### Problem
All entries must be repeated exactly. No picture should appear in the result.
◇ ◇ ◇ ◇ ◇
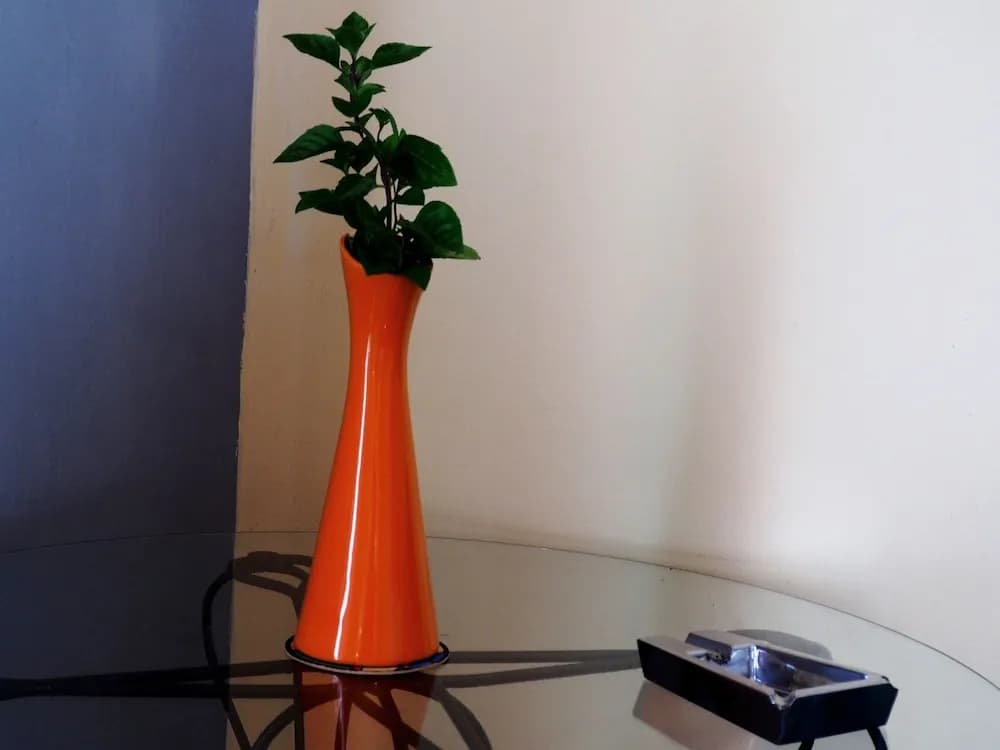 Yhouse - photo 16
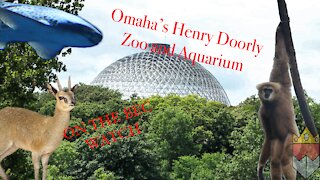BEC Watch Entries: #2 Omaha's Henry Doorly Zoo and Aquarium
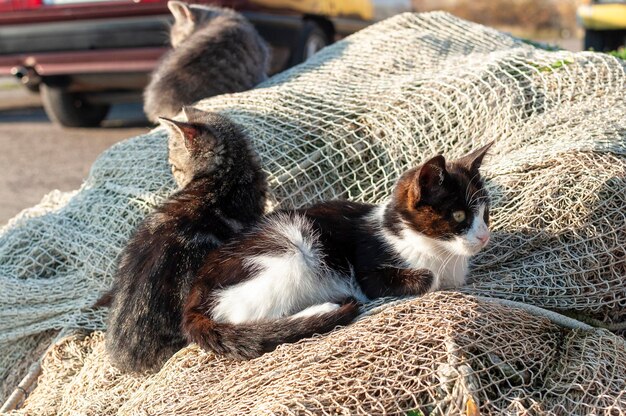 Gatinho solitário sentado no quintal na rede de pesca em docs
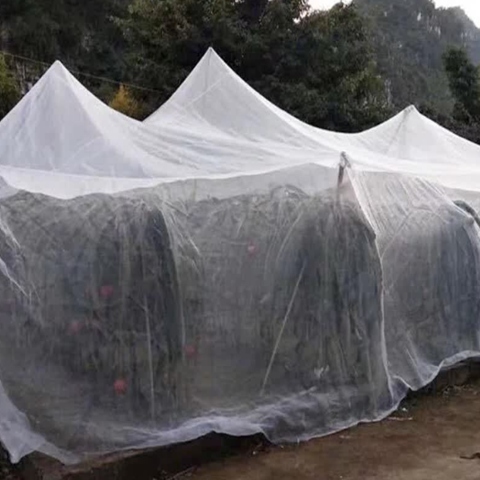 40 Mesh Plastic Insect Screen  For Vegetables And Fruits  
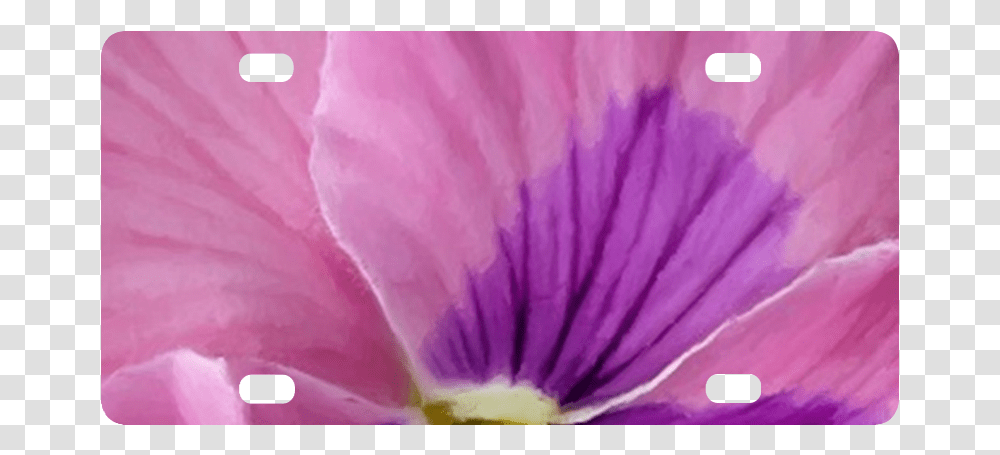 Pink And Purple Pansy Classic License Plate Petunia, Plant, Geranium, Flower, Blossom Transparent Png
◇ ◇ ◇ ◇ ◇
### Solution below
 Yhouse - photo 16
BEC Watch Entries: #2 Omaha's Henry Doorly Zoo and Aquarium
 Gatinho solitário sentado no quintal na rede de pesca em docs
 40 Mesh Plastic Insect Screen  For Vegetables And Fruits  
 Pink And Purple Pansy Classic License Plate Petunia, Plant, Geranium, Flower, Blossom Transparent Png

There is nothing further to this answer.